La République des Lettres



France Soir

France Soir

La cession de France Soir est confirmée en faveur de Jean-Pierre Brunois.

Depuis le réquisitoire du 12 mai de l'Avocat général Catherine Champrenault, peu de personnes se faisaient encore d'illusions sur la décision qui allait être rendue par la Chambre commerciale de la Cour d'appel de Douai sur le cas de France Soir. Le Parquet avait en effet estimé que les trois recours en nullité formés par le Comité d'entreprise de France Soir, la société éditrice Press Alliance et le groupe Moscow News d'Arcadi Gaydamak, devaient être rejetés. C'est fait. Le tribunal a rejeté les appels et a donc confirmé comme repreneur de France Soir la société VME Patrimoine du promoteur immobilier Jean-Pierre Brunois, associé au journaliste Olivier Rey.
Comme prévu également, une partie des salariés, en grève depuis le 12 avril et qui souhaitait se vendre à un mafieux israélo-russe incapable de présenter la moindre garantie financière et en délicatesse avec le fisc et la justice française, ne va sans doute pas se retenir maintenant d'achever son journal agonisant, aboutissement programmé de la logique suicidaire dont elle a fait preuve depuis le début de l'affaire.

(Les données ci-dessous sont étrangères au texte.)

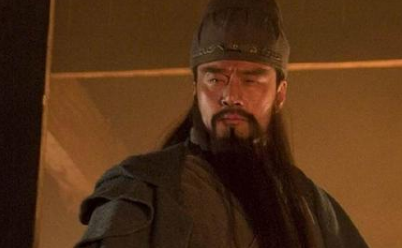 温酒斩华雄里的华雄是何许人也 这个故事是真实的吗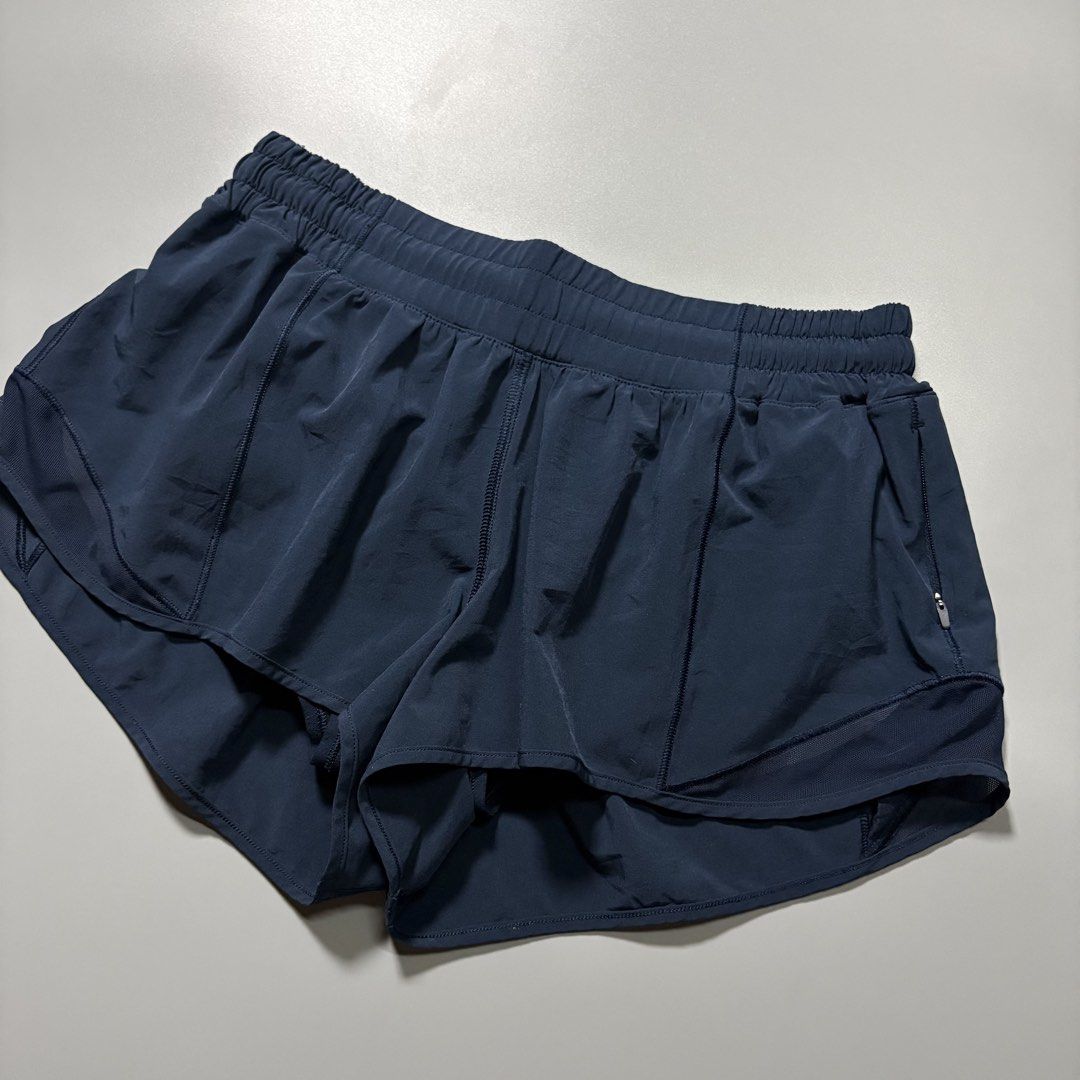 Lululemon Hotty Hot Low Rise Lined Shorts (Category: Activewear) located in Tayabas. Submitted by tayabaskartell (Listing ID 1460103954, Image 2). Description: .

Il est en effet peu probable que les nouveaux repreneurs, qui présentent pourtant un plan réaliste même si celui-ci est douloureux -- seulement 51 salariés conservés sur 112 pour faire un tabloïd inspiré des journaux populaires d'outre-manche -- étant donné leurs moyens (5 millions d'euros), puissent réellement faire face aux dures réalités de la gestion d'un tel titre à relever entièrement dans le contexte du marché actuel de la presse, d'autant qu'ils auront probablement aussi à faire face à la guerre de tranchées qui va maintenant leur être déclarée par les 61 licenciés et leurs amis: grèves, plaintes aux prud'hommes, entraves matérielles, financières et mondaines diverses, etc... Il n'est même pas sûr que le journal puisse encore compter sur l'aide de l'Etat apportée aux quotidiens à faibles ressources publicitaires.
La France peut donc tourner la page de son ex-grand quotidien populaire. France Soir est mort. Et, s'il est toujours triste de dire adieu à un titre de presse, nous nous permettrons de rajouter: Bon débarras ! Bon débarras, car il n'a échappé à personne, même aux quelques people rassemblés par les ex-salariés fossoyeurs pour défendre leur cause, que le France Soir qui était publié ces dernières années n'avait plus rien à voir avec celui de son fondateur, Pierre Lazareff, dont ils ne cessaient abusivement d'invoquer la mémoire. France Soir, pour nombre de français qui d'ailleurs avaient cessé de le lire, n'était plus qu'un vulgaire torchon bien peu digne d'être encore appelé journal, et les fameuses pages "Politique" et "Culture", que Brunois et Rey veulent supprimer dans leur projet éditorial et qui sont si angéliquement mises en avant par les grévistes, ne méritent bien en réalité que de passer aux oubliettes.
France Soir est mort depuis longtemps. Souhaitons que ses fossoyeurs -- journalistes conservés, licenciés et nouveaux propriétaires -- cessent de le souiller et finissent de l'enterrer maintenant avec un peu plus de décence.